Several rabbis have used the excuse of "security" in the wake of the Mercaz HaRav shooting to issue racist halakhic (religious) rulings against Arabs. Haaretz reports Rabbi Dov Lior, chairman of the rabbinical council for settlers in "Judea and Samaria" (the West Bank), decreed "It is completely forbidden to employ [Arabs] and rent houses to them in Israel. Their employment is forbidden, not only at yeshivas, but at factories, hotels and everywhere."

Rabbi Chaim Kanievsky, considered a world-wide Orthodox authority on Jewish law, held "that it is completely forbidden to hire Arabs, especially in yeshivas; there is a concern for endangering lives." Indicating that security might not be the only motivation for this ruling, Kanievsky added that Jews should refrain from hiring any non-Jews, "unless there exists a huge disparity between the costs of the labor," in which case non-Jews could be hired.

While these are recent examples, Mossawa, an Arab civil rights advocacy group in Israel, documented dozens of instances of racist declarations by public figures and thousands of examples of incitement on the Internet in 2007 alone. From
The Jerusalem Fund Information Brief
This article continues.

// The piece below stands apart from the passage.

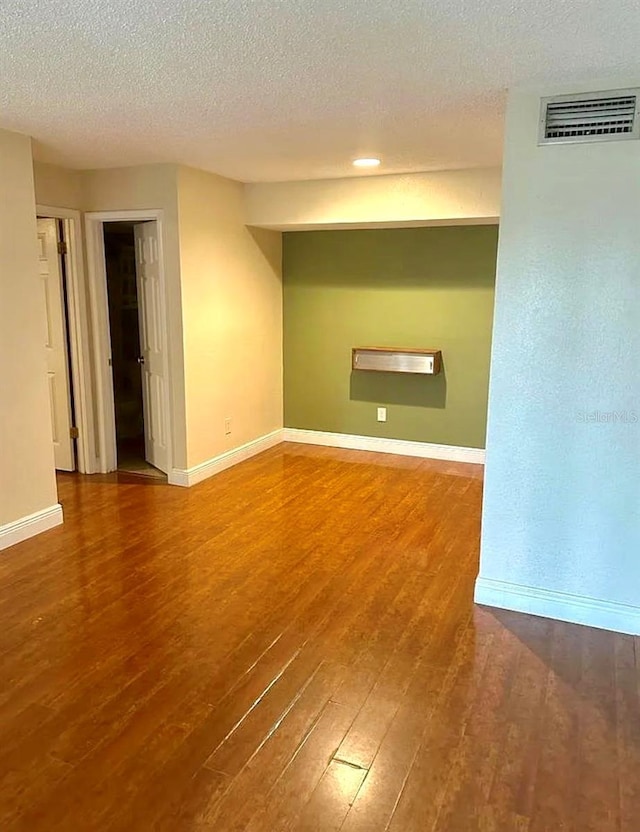 3772 Idlebrook Cir Unit 100, Casselberry, FL 32707 - unfurnished room with wood finished floors, baseboards, and a textured ceiling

In its 2007 Israeli Democracy Index, the Israel Democracy Institute found that 87 percent of all Israeli citizens rated Jewish-Arab relations in the country as being "poor" or "very poor."28

In addition:
· 78 percent of Israeli Jews opposed having Arab parties or ministers join Israel's government.29
· Just 56 percent of Israeli Jews support full equality for Palestinian citizens of Israel and an identical number agreed that "Arabs cannot attain the Jews' level of cultural development."30
· 75 percent of Israeli Jews agreed with the statement that "Arabs are inclined to violent behavior" (as compared with 54 percent of Palestinian citizens of Israel who had an equivalent view of Israeli Jews).31
· 43 percent of Israeli Jews agreed that "Arabs are not intelligent" and 55 percent agreed that "the government should encourage Arab emigration from the country."32
A recent Haifa University survey found that half of Israeli Jews object to Arabs living in their neighborhoods (56 percent of Arabs supported residential integration with Jews).33 Similarly, ACRI reported that 75 percent of Israeli Jews surveyed said they would not agree to live in the same building as Arabs. The same survey found that more than half of Israeli Jews felt that Arabs and Jews should have separate recreational facilities.34
There are two consistent trends among all these surveys: both Palestinian citizens of Israel and Israeli Jews hold some prejudices towards each other, but on almost every measure, Israeli Jewish views of Arabs are more negative and extreme than Arab views of Jews; second, the negative trends have risen markedly in recent years as the Israeli-Palestinian conflict has intensified. Between 2005 and 2006, there was a 26 percent rise in racist incidents targeting Arabs, and the number of Israeli Jews reporting they felt "hatred" towards Arabs doubled to 30 %. 5
While many right wing rabbis remain at the helm of decision making in this country, those citizens, who are liberal and tolerant, find it more difficult to view Pesach as the “Festival of Freedom”.

1 comment:

Anonymous said...

Your intentions are nice but your thinking is a touch muddled. Let me be as clear as I can:

Just because I hate somebody doesn't make me a "Racist". If the Canadians or the people who wear plaid pants were shooting us up, I might hate them.

In fact, we might make it a rule to stop all associations with people who wear plaid pants or with Canadians, as the case may be.

People in time of war and death sometimes use bad language. That doesn't mean that the bad language caused the war.

As it turns out, the Jewish Israelis come in more colors than the local Arabs. The Jews are more racially diverse.

There are lots of incidents. Classifying any of them as "Racial" is at best highly questionable. It is however, pejorative, trivializing, and a deliberate failure to understand the issues.